- 20 juin
- 21 juin
- Activités pédagogiques
- Spectacles et œuvres artistiques
- Ateliers et jeux participatifs
- De jour
- De nuit
- Pour les enfants
- Thème écoute des vivants
Temps fort avec COAL et La Cité du Développement Durable
Yoga géant, concert au casque, découvertes naturalistes, ateliers et performances participatives, expériences nocturnes… En clôture du festival des Nuits des forêts, COAL et la Cité du développement durable proposent un programme pluriel, comme une invitation à ralentir, écouter et renouer avec les multiples voix de la forêt.
Samedi 20 juin
• 10h-14h : Visites guidées de l’exposition « Invites architecturales » par les étudiant·e·s de l’ENSAPLV — Découverte des installations à taille réelle sur le plan d’eau du Jardin d’agronomie tropicale, imaginées pour explorer les liens entre architecture, biodiversité et habitats du vivant.
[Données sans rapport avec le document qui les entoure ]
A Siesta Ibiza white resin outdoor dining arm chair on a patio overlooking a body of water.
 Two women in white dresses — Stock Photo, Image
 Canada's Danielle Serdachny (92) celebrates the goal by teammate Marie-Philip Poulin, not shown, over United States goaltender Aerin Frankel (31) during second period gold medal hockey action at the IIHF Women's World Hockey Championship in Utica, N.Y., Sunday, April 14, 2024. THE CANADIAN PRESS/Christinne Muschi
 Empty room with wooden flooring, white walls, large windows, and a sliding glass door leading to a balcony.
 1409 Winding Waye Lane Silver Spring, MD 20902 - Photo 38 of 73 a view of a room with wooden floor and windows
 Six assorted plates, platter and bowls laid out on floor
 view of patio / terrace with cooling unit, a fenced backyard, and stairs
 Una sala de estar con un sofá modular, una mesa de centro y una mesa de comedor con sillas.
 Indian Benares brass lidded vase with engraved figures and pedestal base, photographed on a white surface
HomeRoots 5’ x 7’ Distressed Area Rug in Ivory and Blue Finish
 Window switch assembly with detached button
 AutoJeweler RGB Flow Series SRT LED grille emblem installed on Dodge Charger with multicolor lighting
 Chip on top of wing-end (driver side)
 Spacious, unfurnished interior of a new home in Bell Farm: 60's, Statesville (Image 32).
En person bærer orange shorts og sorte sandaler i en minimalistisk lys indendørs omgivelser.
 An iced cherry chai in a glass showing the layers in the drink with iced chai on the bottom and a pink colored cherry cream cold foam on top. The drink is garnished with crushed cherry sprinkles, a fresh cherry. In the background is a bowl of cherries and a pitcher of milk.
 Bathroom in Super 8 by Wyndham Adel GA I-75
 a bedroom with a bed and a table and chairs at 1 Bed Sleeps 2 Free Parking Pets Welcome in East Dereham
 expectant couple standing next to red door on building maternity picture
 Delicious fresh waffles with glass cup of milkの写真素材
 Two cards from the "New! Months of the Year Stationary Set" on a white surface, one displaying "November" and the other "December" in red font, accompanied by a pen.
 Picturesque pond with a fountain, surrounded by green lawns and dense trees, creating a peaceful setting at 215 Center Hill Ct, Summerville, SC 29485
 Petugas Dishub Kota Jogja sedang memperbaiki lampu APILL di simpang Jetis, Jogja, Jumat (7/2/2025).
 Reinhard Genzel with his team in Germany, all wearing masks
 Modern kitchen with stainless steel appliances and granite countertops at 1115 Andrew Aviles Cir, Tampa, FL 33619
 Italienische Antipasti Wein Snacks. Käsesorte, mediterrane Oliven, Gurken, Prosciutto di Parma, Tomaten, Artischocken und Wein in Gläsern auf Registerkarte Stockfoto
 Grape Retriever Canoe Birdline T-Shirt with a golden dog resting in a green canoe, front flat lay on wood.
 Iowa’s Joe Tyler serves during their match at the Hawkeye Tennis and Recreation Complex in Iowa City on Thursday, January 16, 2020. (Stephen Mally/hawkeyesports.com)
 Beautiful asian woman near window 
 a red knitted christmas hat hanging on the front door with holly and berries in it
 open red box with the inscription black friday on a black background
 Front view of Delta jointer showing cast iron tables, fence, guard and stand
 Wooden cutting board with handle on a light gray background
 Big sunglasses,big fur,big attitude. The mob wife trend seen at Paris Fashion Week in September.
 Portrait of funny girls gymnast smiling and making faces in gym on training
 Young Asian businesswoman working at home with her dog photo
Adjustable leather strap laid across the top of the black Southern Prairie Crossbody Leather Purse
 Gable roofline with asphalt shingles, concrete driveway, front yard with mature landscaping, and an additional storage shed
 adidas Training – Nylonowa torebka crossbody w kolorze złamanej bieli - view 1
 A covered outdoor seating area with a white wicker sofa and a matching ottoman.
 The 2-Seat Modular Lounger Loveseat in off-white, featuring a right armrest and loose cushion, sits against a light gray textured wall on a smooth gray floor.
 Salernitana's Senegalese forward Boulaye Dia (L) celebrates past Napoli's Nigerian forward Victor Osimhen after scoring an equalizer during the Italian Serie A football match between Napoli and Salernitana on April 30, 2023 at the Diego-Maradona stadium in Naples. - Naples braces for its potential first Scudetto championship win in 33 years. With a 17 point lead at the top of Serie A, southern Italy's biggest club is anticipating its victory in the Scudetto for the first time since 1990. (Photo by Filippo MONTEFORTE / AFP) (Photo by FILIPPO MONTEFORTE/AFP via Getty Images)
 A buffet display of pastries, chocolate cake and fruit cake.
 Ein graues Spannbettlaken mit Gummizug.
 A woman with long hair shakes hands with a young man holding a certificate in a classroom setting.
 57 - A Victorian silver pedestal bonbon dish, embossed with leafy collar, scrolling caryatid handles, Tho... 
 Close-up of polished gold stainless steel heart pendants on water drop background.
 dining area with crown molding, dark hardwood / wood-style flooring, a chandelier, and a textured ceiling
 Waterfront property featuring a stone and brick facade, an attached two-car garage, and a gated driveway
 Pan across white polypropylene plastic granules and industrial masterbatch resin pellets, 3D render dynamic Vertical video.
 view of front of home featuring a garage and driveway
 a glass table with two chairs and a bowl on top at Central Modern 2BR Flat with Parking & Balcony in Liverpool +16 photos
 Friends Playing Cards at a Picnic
• 10h-11h30 : Cours de yoga géant avec Malena Beer — Une séance collective en plein air pour se relier à la nature par le corps, la respiration et l’écoute sensorielle, accessible à partir de 15 ans.
• 11h-12h : La Cabane des lectures, atelier pour les 3-6 ans — Un atelier sensible mêlant lecture à voix nue, mouvement, observation du vivant, dessin et imagination, proposé par La Cabane / Cie Rosamiranda.
• 14h-15h30 : Atelier d’écriture “à l’écoute des vivants” — Un moment ludique pour écrire un texte court à partir de quelques sources d’inspiration, avec simplement une feuille et un stylo.
• 15h-17h : Balade botanique — Une visite guidée de l’Arboretum de Paris pour découvrir ses arbres remarquables, ses collections thématiques et l’histoire du site.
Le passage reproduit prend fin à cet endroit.